Subtropical storm likely to form off Florida coast, impact area beaches
System may become season’s first named storm
JACKSONVILLE, Fla. – A trough of low pressure over South Florida is tarting to organize itself, if this continues we could have the first named storm of the 2020 hurricane season this weekend.
The U.S. National Hurricane Center in Miami increased the chance of the system becoming tropical over the next two days to 100%. Gale warnings were issued across the Florida Keys, Southwest Florida and the Bahamas.
Just before 4:30 p.m. Saturday the NHC tweeted that it will initiate advisories on Tropical Depression One at 5 p.m.
NHC will initiate advisories on Tropical Depression One, located off the east-central coast of Florida, at 5 pm EDT.— National Hurricane Center (@NHC_Atlantic) May 16, 2020
While the system is likely to become Tropical Storm Arthur while off our coast, we’ll be on the dry side of the storm and will likely only feel its impact along the immediate coastline.

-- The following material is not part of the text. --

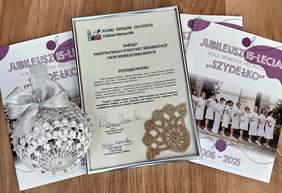 Pokaż zdjęcie: Folder wydany z okazji jubileuszu Koła SZYDEŁKO oraz podziękowania oprawione w ramę, skierowane do zarządu PFRON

Hurricane season starts June 1, but forecasters at the hurricane center said the system, which was already bringing heavy rain and wind across South Florida this weekend, has a 100% chance of developing into a subtropical or tropical storm. If it develops, the storm would be named Arthur.
Subtropical storms are not as defined as tropical storms, with its strongest winds located some distance from it’s loosely formed center. They are also not a strong as tropical storms. It’s not uncommon to have a named storm before the official start of hurricane season.
Later in the weekend and early next week, the system is forecast to move generally northeastward over the western Atlantic.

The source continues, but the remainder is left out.